_Task:_
Your copy of the entries below should hold exactly the lines from the one containing "this 845×633 image." to the one containing "this 753×424 image.", inclusive, and no pictures.

Dataset content section start

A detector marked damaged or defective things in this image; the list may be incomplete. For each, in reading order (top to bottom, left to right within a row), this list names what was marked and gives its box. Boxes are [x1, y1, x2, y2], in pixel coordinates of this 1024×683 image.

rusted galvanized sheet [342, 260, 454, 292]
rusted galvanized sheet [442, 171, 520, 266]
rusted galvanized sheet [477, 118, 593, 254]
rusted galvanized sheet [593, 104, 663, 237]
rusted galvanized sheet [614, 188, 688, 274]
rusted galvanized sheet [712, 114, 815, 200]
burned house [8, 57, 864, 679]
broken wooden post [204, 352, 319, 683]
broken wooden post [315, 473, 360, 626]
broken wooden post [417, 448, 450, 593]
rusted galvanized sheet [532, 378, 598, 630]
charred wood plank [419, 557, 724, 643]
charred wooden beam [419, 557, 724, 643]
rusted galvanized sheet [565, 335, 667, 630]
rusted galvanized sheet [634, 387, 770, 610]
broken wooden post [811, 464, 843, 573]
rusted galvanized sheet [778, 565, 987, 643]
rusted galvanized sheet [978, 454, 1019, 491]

Dataset content section end
Dataset content section start

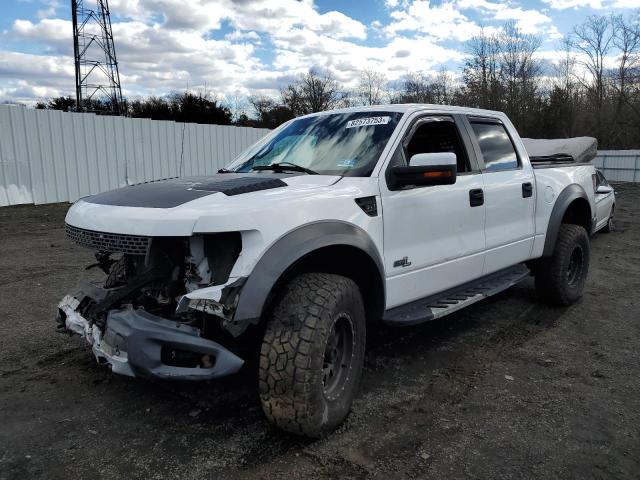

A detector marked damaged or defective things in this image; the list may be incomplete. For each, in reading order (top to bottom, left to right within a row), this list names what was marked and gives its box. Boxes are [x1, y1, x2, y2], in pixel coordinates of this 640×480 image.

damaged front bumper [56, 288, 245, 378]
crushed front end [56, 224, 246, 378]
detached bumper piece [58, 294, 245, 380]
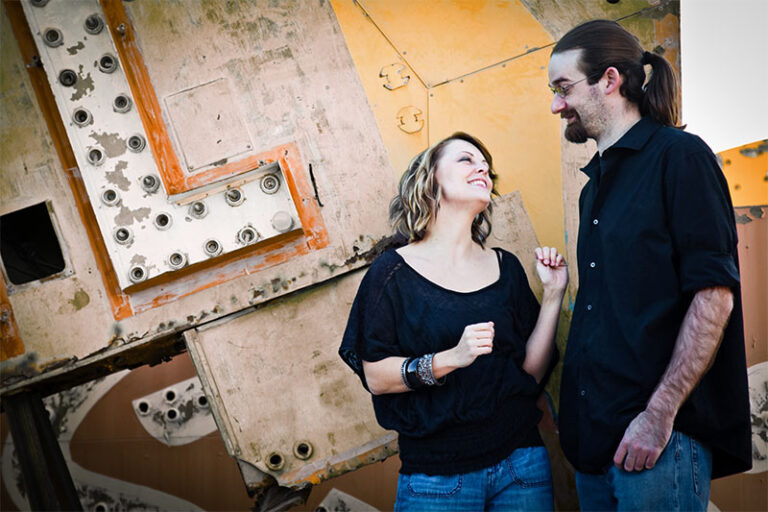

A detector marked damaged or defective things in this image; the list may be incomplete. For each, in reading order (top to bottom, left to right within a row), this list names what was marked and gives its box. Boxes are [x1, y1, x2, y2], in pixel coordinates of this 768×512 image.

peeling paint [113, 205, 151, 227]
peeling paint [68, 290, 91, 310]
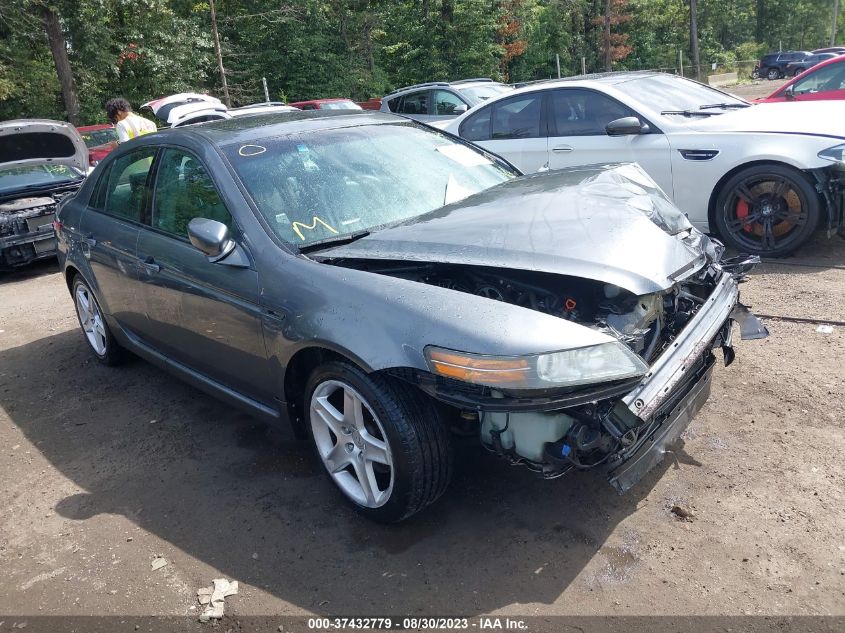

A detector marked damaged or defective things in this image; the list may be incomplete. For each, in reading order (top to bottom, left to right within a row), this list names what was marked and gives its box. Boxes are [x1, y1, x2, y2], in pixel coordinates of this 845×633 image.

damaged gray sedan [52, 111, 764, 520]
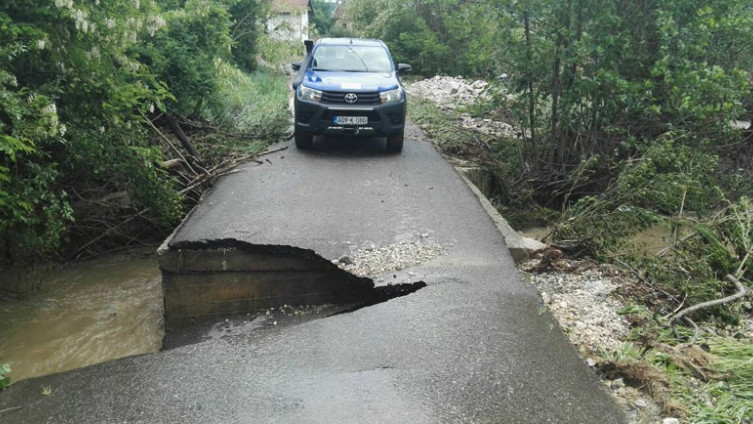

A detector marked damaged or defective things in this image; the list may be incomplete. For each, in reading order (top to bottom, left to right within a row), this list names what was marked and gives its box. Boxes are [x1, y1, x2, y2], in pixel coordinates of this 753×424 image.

Dataset content section end

_Problem solution:_
A detector marked damaged or defective things in this image; the list may be incomplete. For each, in reading order (top to bottom, left to right within a row), this list names what was marked and gives its box. Boxes are [x1, y1, x2, y2], in pixel coordinates of this 845×633 image.

damaged gray sedan [52, 111, 764, 520]

A detector marked damaged or defective things in this image; the list may be incomplete. For each, in reading order (top to bottom, left to right within a row), this list names what was marked and gives its box. Boxes are [x1, y1, x2, y2], in pixel coordinates of this 753×424 image.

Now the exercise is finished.